Mudbound Vs. the Underground Effect: It’s Time for the Spectacle of Black Suffering to Evolve

These are dangerous times to continue insisting that Black suffering is eternal... and admirable.

Movies Features Mudbound
Mudbound Vs. the Underground Effect: It’s Time for the Spectacle of Black Suffering to Evolve

Dearly beloveds,

In critiquing a 1958 film starring Sidney Poitier, James Baldwin once declared that, more often than not, black characters exist in film “to reassure white people, to make them know that they’re not hated.” Mudbound is unfortunate proof that this statement remains true.

Now before you sharpen your pens and emojis to eviscerate me for what already sounds like a takedown of one of the most anticipated and celebrated films of the year, please know that I write this believing that I am one of at least 87 women who watched Pariah, and bore witness to that unforgettable opening featuring Khia’s “My Neck, My Back” playing in a dimly lit strip club and knew that Dee Rees was one of the best things to happen to film. I write this believing that there’s a particular group of women who, at any given day, think about the reverse paper bag test scene in Rees’ Bessie and smile warmly to themselves because there are some films that are such a marvel just thinking that you live in a place and time where that film exists makes you feel a little safer in this world. Perhaps more importantly, Dee Rees has made films that make you (you, as in you black women reading this now) feel that, as bold as you are, you should be bolder—bold enough to pursue your writing dreams in spite of a family with other plans for you (like Alike in Pariah), bold enough to live as queerly and freely as you possibly can (like Bessie Smith and Ma Rainey in Bessie). If you’re a black woman Dee Rees is a hero for bringing such narratives into existence, and for daring other creatives to do the same. And it’s for this reason that it physically pains me—I’m literally wincing as I write this—to say that Mudbound is a huge disappointment for those of us expecting another powerful Dee Rees-style presentation of black lives and black womanhood.

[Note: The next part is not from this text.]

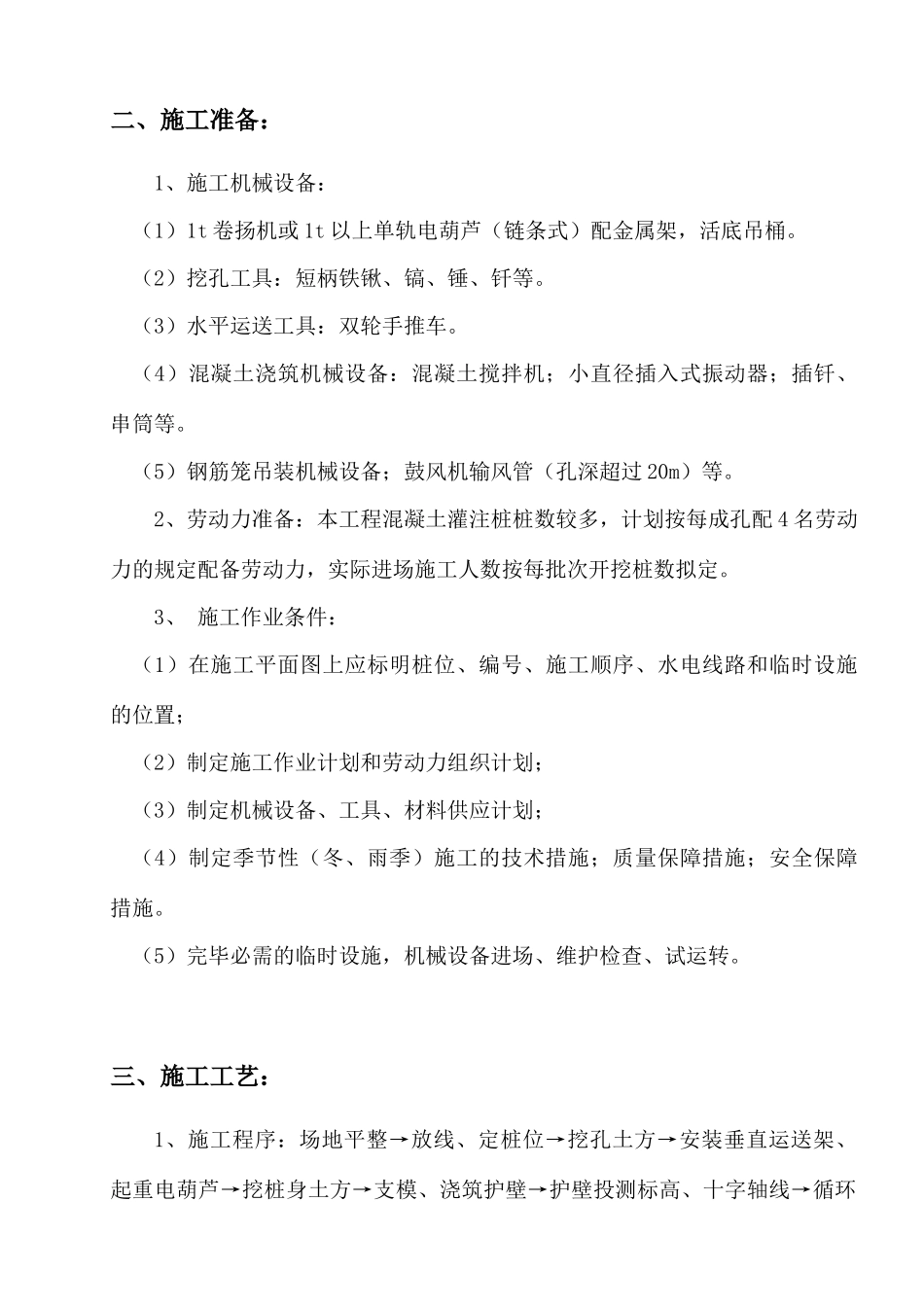 人工孔桩专项施工方案_第2页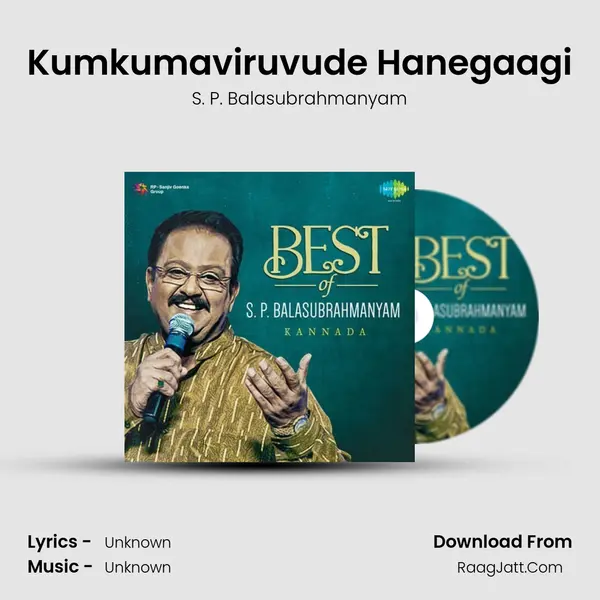 Kumkumaviruvude Hanegaagi Cover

Now, for what it means to do, and as a dramatic film, Mudbound is mostly a success. In the film, Rees presents an unflinching portrait of life on a farm in Mississippi for two families, the white McAllans and the Black Jacksons. Set during the Second World War, Rees and co-writer Virgil Williams (who adapted Hillary Jordan’s novel together) capture the traumatic effects of war, and American life in the South, particularly for Blacks, but also for whites living in poverty or with limited resources. Rees has a superb style, and, as with Pariah and Bessie, knows how to present strikingly beautiful images of her subjects (in this case, both the people and the land they live and toil on) without romanticizing their stories. Mudbound’s gorgeous cinematography however, doesn’t take the sting off the unpleasantness inherent to the story. Dee Rees has made a hard, harsh film, but with the kind of ending critics and awards influencers will surely deem “hopeful,” perhaps in an attempt to qualify what is truly a horror story. And it’s a horror story we’ve seen before, time and time again, with seemingly little variation. At least that was the case, before Underground came along.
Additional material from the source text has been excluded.